Let A and B be a Banach algebra with $1\in A\subset B$ (1 is the identity). Let $a\in A $ then show that $Spectrum B\subset SpectrumA$ Let A and B be a Banach algebra with $1\in A\subset B$ (1 is the identity). Let $a\in A $ then show that
$$1).Spectrum_a\ B\subset Spectrum_aA$$
$$2). Boundary(Spectrum_aA)\subset Boundary(Spectrum_aB)$$
First, let's take $x\in Spectrum_a\ B$, I'm going to show that is in $Spectrum_aA$.
since $x\in Spectrum_a\ B$
$a-x*1$ is not invertible. Since $a\in A$ , $_\ $ contains x.
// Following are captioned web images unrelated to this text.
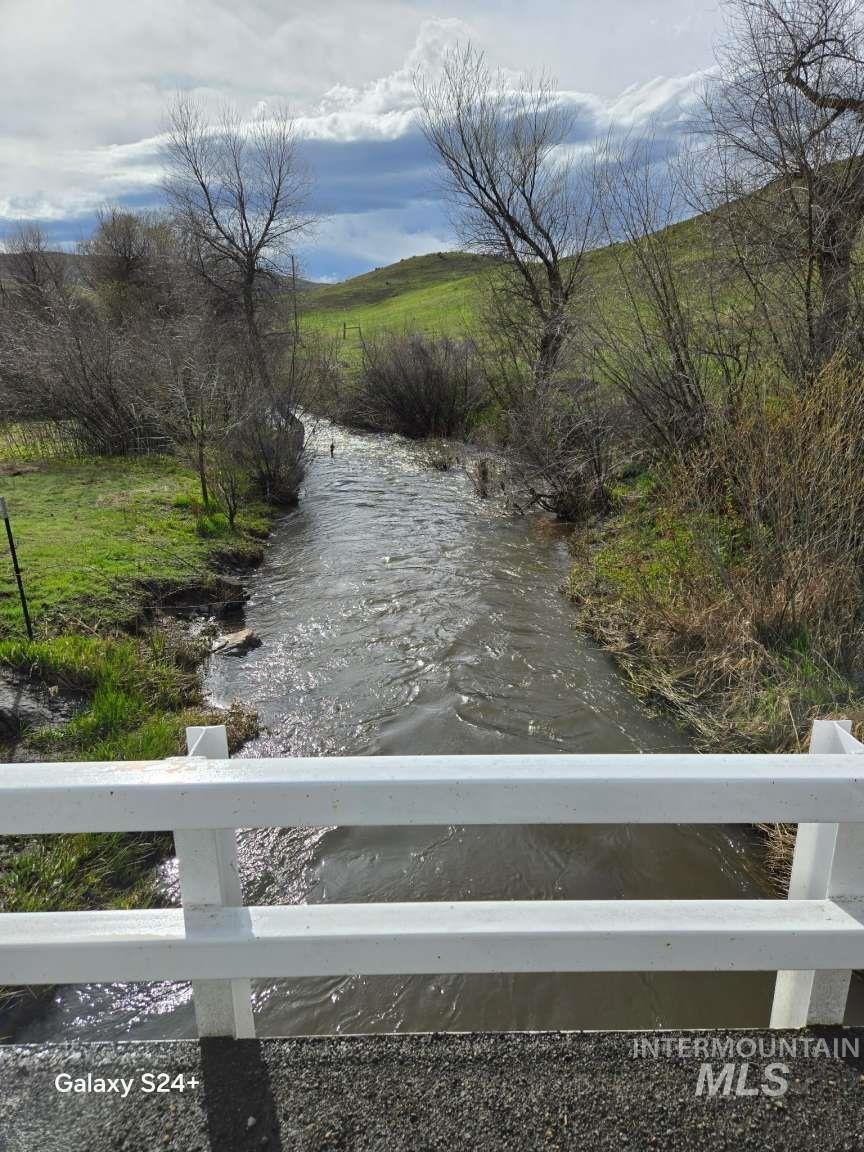 1280 Monroe Creek Road Property Photo 18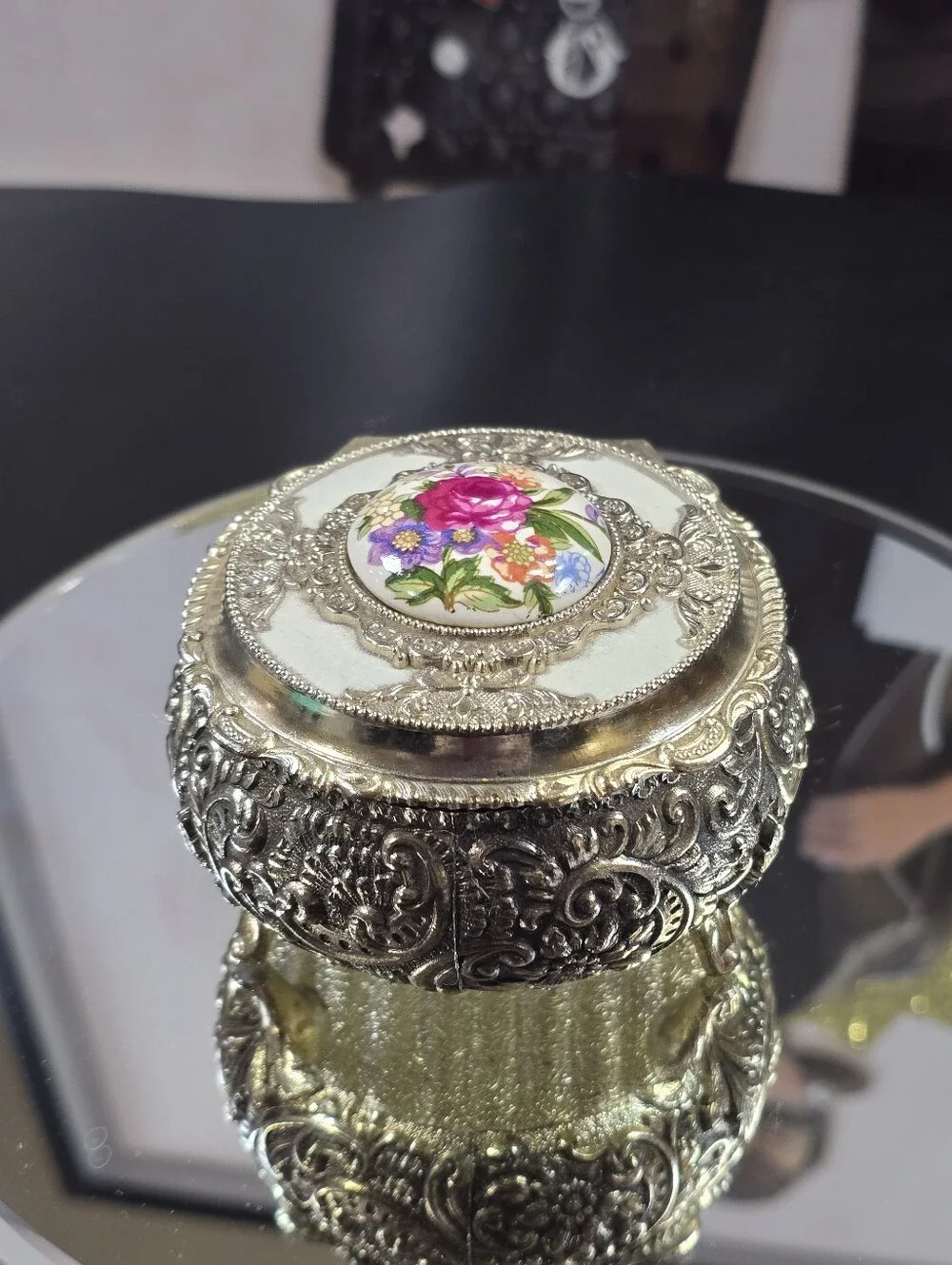 Vintage Bijoux Silver Tone Floral Round Porcelain & Metal Trinket Box
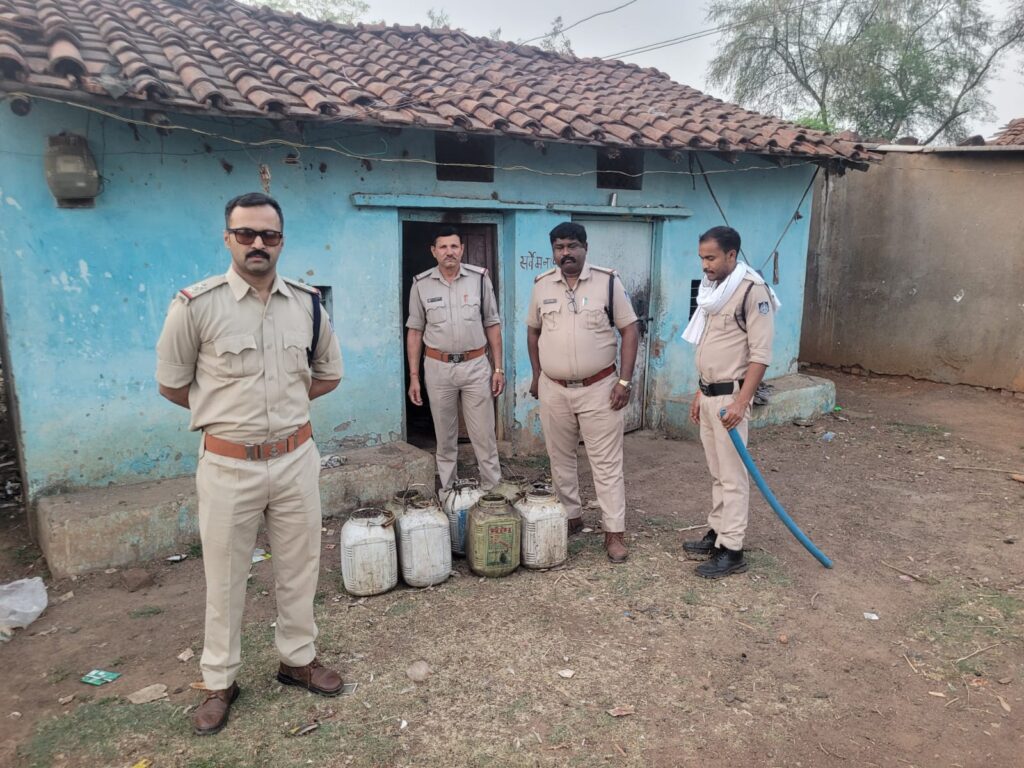 कटनी के ग्राम करहिया कला में कच्ची शराब पर बिलहरी पुलिस की बड़ी कार्यवाही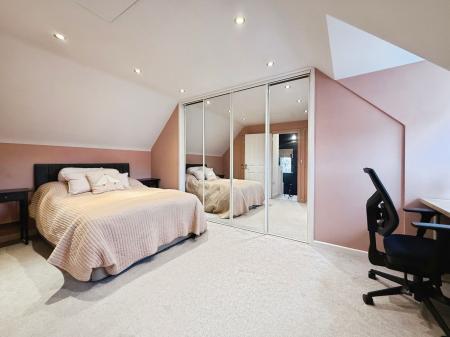 4 bedroom Detached house for sale in Eunice Way, Telford, TF3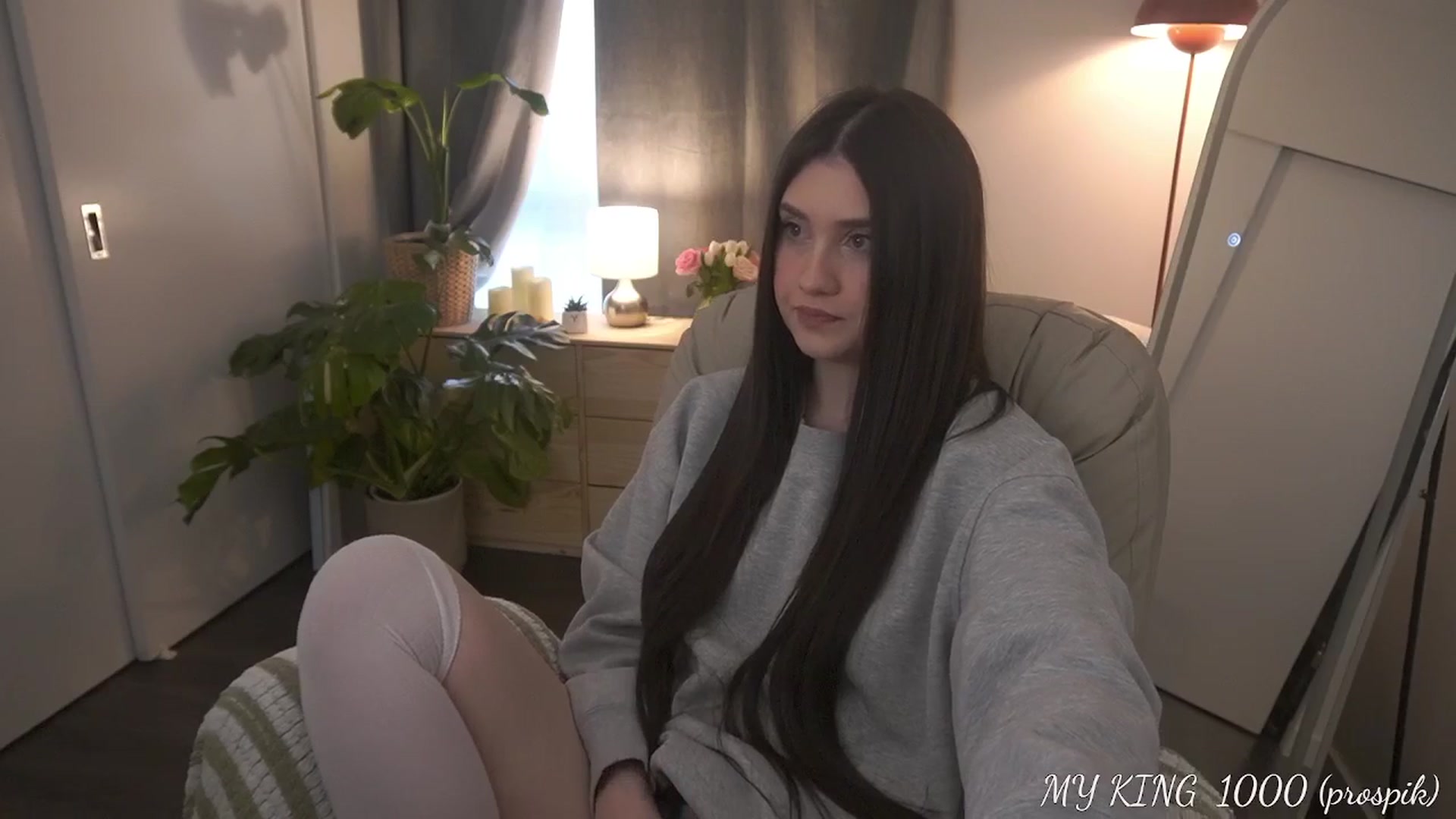 Gallery image thumbnail from heylovee's myfreecams stream on, 03/26/2026, 01:47 image 17 of 20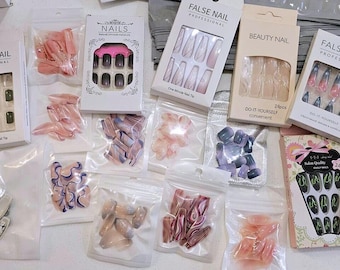 10 Sets Bundle Lot Mystery Press On Nails: Zufällige Modenagelsets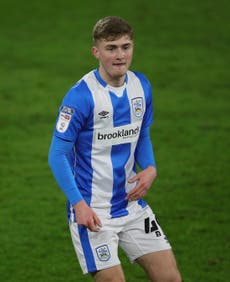 Scott High agrees new long-term deal with Huddersfield
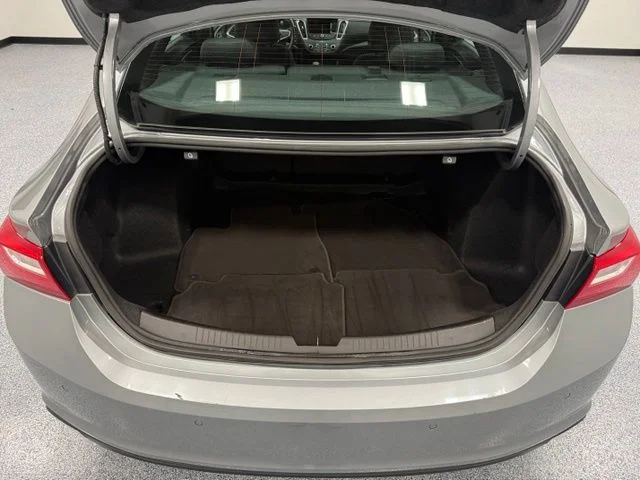 Used 2025 Gray Chevrolet LT image 34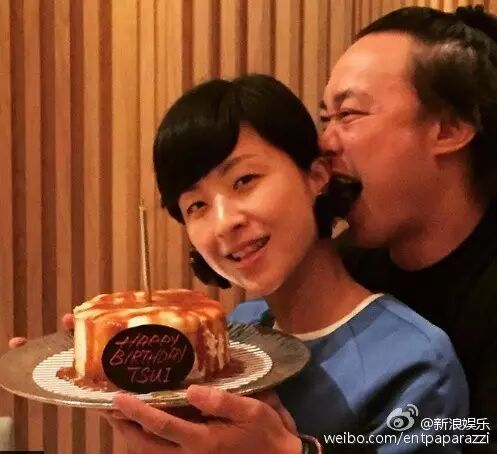 陈奕迅大咗个肚?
This implies $Spectrum_a\ B\subset Spectrum_aA$.
Is this correct?
And how we show the second part?
 A: Lemma.  Assume that $A$ is a unital Banach algebra and that $\{a_n\}_n\subseteq A$ is a sequence of invertible elements,  converging to
a non-invertible element $a$.  Then $a$ is a topological zero-divisor, meaning that there exists a sequence $\{x_n\}_n$ in
$A$, with $\|x_n\|=1$, and $\displaystyle\lim_{n\to \infty }ax_n = 0$.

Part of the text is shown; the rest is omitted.